Divorce

Annually there are more than 4,100 divorces on O‘ahu alone. There are many reasons why spouses seek divorce. They may have grown apart. There may be issues relating to domestic violence, substance abuse, mental health or infidelity. There may be insurmountable economic pressures. Whatever the reason, these issues need to be recognized, analyzed and factored in as to how cases proceed. Bryant and Youmans have many years of dealing with the multitude of issues resulting in the end of marriages, and advise their clients on appropriate and reasonable courses of action.

There are four distinct concerns in divorce:

  1. Dissolution of the marriage means that the marriage is “irretrievable broken.” In other words, the parties are no longer able to live together as spouses.
  2. Custody is determined solely in the best interest of the children. The Family Court will not grant custody to a parent without such a showing. Timesharing or visitation must also be shown to be in the best interest of the children.

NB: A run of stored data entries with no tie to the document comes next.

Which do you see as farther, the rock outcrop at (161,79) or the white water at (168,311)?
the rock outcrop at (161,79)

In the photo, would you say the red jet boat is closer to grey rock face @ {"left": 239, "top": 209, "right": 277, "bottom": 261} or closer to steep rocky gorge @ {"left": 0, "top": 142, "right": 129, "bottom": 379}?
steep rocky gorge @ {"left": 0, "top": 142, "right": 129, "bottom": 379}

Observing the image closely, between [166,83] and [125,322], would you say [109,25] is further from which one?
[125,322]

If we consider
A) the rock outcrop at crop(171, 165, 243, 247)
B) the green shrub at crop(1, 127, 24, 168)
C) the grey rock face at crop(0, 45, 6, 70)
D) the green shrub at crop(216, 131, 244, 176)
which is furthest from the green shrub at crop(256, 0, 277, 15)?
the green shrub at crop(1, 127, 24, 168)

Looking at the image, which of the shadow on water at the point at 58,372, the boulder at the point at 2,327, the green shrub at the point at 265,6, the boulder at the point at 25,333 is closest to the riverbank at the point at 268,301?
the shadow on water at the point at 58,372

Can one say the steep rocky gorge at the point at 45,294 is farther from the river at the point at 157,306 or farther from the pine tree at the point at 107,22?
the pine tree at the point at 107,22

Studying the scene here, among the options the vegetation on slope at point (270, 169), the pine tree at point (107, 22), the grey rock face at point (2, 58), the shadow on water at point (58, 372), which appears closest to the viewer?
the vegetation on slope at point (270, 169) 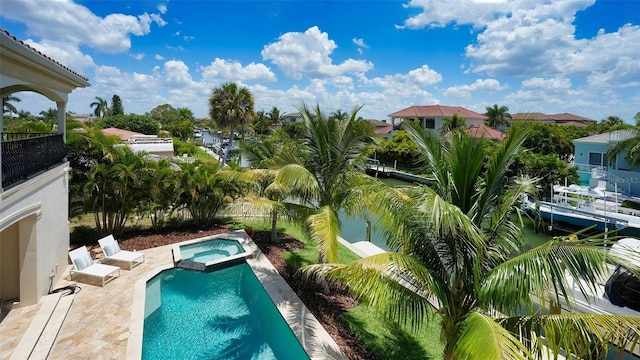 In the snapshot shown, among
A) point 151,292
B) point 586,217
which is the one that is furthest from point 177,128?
point 586,217

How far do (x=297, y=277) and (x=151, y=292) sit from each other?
4.63 meters

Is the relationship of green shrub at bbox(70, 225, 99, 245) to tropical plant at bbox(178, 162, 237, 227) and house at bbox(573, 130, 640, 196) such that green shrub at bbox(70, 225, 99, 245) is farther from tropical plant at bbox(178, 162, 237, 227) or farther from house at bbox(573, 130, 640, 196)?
house at bbox(573, 130, 640, 196)

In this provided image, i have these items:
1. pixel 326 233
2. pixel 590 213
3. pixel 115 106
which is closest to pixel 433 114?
pixel 590 213

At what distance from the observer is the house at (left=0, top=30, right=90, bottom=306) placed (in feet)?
20.6

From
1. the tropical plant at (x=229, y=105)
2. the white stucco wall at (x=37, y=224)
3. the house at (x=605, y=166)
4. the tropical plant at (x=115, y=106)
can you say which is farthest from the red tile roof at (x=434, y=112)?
the tropical plant at (x=115, y=106)

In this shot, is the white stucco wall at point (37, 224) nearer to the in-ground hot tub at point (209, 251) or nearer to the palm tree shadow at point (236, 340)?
the in-ground hot tub at point (209, 251)

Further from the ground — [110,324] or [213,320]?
[110,324]

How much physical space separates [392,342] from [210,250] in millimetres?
8758

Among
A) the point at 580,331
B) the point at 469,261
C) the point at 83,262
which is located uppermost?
the point at 469,261

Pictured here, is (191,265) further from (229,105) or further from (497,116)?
(497,116)

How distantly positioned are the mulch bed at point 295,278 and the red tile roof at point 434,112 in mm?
48985

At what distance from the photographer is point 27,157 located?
7.36 meters

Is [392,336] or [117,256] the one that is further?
[117,256]

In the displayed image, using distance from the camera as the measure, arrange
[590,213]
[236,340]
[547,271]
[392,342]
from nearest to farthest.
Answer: [547,271]
[392,342]
[236,340]
[590,213] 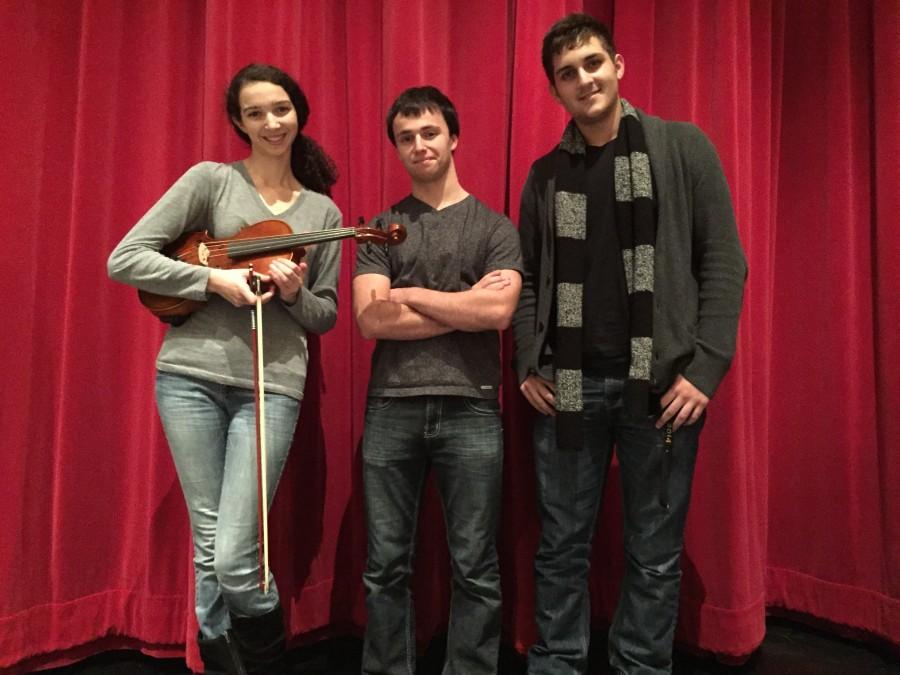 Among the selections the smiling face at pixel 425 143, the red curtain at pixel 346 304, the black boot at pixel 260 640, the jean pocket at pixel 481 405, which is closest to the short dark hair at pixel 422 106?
the smiling face at pixel 425 143

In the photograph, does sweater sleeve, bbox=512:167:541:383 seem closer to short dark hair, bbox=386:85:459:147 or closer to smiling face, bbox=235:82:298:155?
short dark hair, bbox=386:85:459:147

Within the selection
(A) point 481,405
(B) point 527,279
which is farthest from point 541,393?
(B) point 527,279

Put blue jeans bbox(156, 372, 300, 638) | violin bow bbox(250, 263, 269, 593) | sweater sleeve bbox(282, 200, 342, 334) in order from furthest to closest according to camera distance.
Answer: sweater sleeve bbox(282, 200, 342, 334) < blue jeans bbox(156, 372, 300, 638) < violin bow bbox(250, 263, 269, 593)

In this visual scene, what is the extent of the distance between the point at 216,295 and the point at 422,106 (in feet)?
2.33

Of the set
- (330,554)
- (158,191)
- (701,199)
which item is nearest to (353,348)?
(330,554)

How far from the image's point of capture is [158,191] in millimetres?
1972

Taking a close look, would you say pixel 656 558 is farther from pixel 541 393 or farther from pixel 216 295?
pixel 216 295

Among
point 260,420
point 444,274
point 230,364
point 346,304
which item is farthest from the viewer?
point 346,304

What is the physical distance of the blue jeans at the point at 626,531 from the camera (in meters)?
1.48

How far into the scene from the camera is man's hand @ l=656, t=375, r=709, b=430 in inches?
55.1

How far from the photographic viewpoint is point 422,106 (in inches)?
60.9

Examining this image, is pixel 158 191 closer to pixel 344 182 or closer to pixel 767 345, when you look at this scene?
pixel 344 182

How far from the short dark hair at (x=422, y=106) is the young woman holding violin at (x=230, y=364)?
271mm

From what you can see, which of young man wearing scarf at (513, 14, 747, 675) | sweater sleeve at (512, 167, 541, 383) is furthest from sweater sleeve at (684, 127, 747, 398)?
sweater sleeve at (512, 167, 541, 383) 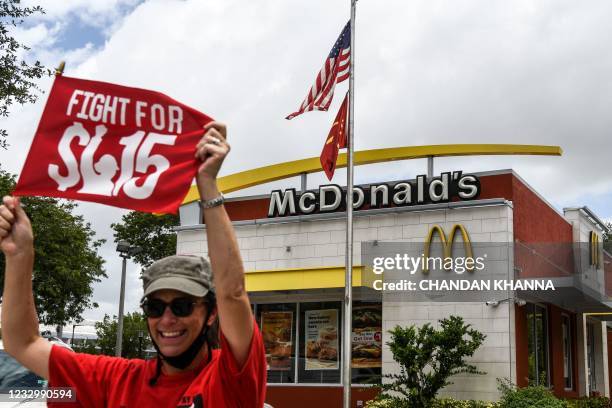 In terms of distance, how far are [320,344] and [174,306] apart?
17.0 metres

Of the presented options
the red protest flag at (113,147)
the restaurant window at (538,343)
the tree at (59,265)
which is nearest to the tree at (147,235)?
the tree at (59,265)

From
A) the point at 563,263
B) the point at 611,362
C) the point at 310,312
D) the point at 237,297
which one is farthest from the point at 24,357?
the point at 611,362

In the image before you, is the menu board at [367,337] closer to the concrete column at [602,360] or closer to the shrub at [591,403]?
the shrub at [591,403]

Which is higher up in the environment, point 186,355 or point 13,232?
point 13,232

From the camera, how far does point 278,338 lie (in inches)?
800

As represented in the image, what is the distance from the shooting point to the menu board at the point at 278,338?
20078 mm

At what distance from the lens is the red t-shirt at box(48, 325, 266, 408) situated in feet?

    There are two types of custody:
    • Legal custody pertains to decision-making. A parent with sole legal custody generally makes all the major decisions regarding the children, including, but not limited to educational and medical decisions. Parents with joint legal custody make joint decisions.
    • Physical custody pertains to where the children are to live. There are many different timesharing arrangements from a fifty-fifty split to supervised visits or no visits at all.
    • Child Support is based on a formula called the “Child Support Guidelines Worksheet.” This form factors in what the custody and visitation arrangements are, the gross monthly incomes of the parties, who is paying for the child’s health insurance and how much, and who is paying for the child’s child care expenses and how much. This form is available on the Hawaii State Judiciary’s Website.
  3. Alimony is monthly financial support provided by a higher income spouse to a lower income spouse. Unlike child support, there is no formula for alimony. Generally, Family Court will order alimony when necessary to allow the lower income spouse to maintain the standard of living enjoyed during the marriage, if the higher income spouse can afford it. The amount and duration of alimony in a particular case is impossible to predict. Alimony depends on many factors and is analyzed case by case. There are different types of alimony and support, including an award of additional property from the marital estate in lieu of alimony.
  4. Property Division in Hawai‘i is by statute to be “just and equitable.” The appellate courts in Hawai‘i have created the “Marital Partnership Principles” in determining what is just and equitable. These principles have led to the creation of five categories of property and the classification of the property will decide how the property will be awarded.A detailed analysis of marital property and the classification will be necessary to reach just and equitable property division. The completion of a detailed “Asset & Debt Statement” is necessary to begin the analysis.